As we saw, by the end of this stage, teenagers, like adults, can use both formal and abstract logic—but only if they have learned the language of logic (“if,” “then,” “therefore,” etc.) and have repeatedly put it to use. Under these circumstances, children learn to extrapolate and make generalizations based on real-life situations. 

Thus, from ages 10 to 12, by stimulating children intellectually—urging them to reflect and establish lines of reasoning—they gradually become able to move beyond a situational logic based on action and observation onto a logic based on rules of deduction independent of the situation at hand.

This ability to manipulate abstract symbols consolidates by around age 15, provided that one has been versed in formal logic.

Here is an example of how formal logical faculties can be sparked:

A and B are two logical propositions, such that A is the opposite of B. From this, we may formally deduce (without reference to  anything concrete) that the proposition P, which states “A or B,” is always true. There are no alternatives, so P fulfills all possibilities. We may also deduce that the proposition P1, “A and B,” is always false.  Here, two contradictory propositions cannot both be true. If one is true, the other is false.

These formal operations require both a mature central nervous system and a mature cognitive system. But, since such examples of formal reasoning are detached from everyday life, they require deliberate practice. Even an adult who is out of practice can struggle with formal reasoning.

After working through several examples, parents can help children extract the logical rules behind those examples.

We can present these two rules of logic using more concrete examples, which makes formal reasoning at once more accessible and less intimidating. In concrete form, however, the reasoning will be less easily applied to new situations. 

If proposition A is: “this salmon is farmed,” proposition B (the opposite of A) will be: “this salmon is not farmed.” B could also be expressed  as: “this salmon is wild.” It is easy in this concrete context to see that P, “A or B,” is always true. A salmon must either be farmed or wild. It is also easy to conceive that P1, “A and B,” is always false because a salmon cannot be both farmed and wild.

Why is formal logic important?

Moving away from situational lines of reasoning allows teens to extrapolate and apply logic to the ever more complex challenges and life events they might encounter as they mature into their young adult years. Without formal logic, young teens and young adults won’t be able to define their formal reasoning abilities to extend past situational deductions and personal life experiences or form larger connections with their surroundings and the human experiences that occur around them everyday.

Once they learn to abstract from concrete examples and express these rules in formal logic, children can form and manipulate logical notation and apply it to a multitude of situations. 

How can we help children from age 13 and older improve their formal logical deduction skills?

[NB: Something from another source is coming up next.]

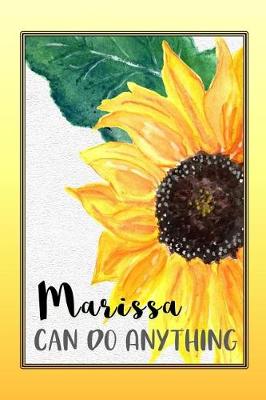 Book cover for Marissa Can Do Anything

We must start by working on these two rules through concrete examples like that of the salmon. After working through several examples, parents can help children extract the logical rules behind those examples. This is the inductive phase: from concrete examples, we extract the common features and express them in a formal rule. 

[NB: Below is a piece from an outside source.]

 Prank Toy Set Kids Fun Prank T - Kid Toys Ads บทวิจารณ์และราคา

Next, it will be necessary to prove this rule solely by logical deduction. If we do not do this, we cannot be certain that the rule is valid in every context. Extracting the common features only results in rules which, at this stage, remain merely hypothetical. Only reasoning allows for the generalization of a rule.

Once students have mastered a collection of formal rules, they can be trained to recognize, within a problem or a given context, what rule is applicable. That is, they can take an initial claim (a hypothesis), apply a rule of deduction to it, and arrive at a conclusion.